- **Given material**
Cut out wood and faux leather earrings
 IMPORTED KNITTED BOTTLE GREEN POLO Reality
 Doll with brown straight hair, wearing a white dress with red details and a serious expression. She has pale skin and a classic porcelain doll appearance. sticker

- **What you need to do**
Write out exactly the lines from the one containing "IMPORTED KNITTED BOTTLE GREEN POLO Reality" through the end of the data, both included. Add nothing else.

- **Solution to this task**
 IMPORTED KNITTED BOTTLE GREEN POLO Reality
 Doll with brown straight hair, wearing a white dress with red details and a serious expression. She has pale skin and a classic porcelain doll appearance. sticker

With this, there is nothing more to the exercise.